## What to do
Could you retype, exactly as written, every line from the top of the records through the line that contains "副業の最大の目的を教えてください。(男女別)"?

*** Records for this task Section Begins ***

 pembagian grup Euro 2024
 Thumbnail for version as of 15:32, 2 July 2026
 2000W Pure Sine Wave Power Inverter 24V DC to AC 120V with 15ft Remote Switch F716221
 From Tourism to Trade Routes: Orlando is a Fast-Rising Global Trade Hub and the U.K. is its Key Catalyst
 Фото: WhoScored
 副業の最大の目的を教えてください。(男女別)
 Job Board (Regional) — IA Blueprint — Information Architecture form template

*** Records for this task Section Ends ***

## Task answer
 pembagian grup Euro 2024
 Thumbnail for version as of 15:32, 2 July 2026
 2000W Pure Sine Wave Power Inverter 24V DC to AC 120V with 15ft Remote Switch F716221
 From Tourism to Trade Routes: Orlando is a Fast-Rising Global Trade Hub and the U.K. is its Key Catalyst
 Фото: WhoScored
 副業の最大の目的を教えてください。(男女別)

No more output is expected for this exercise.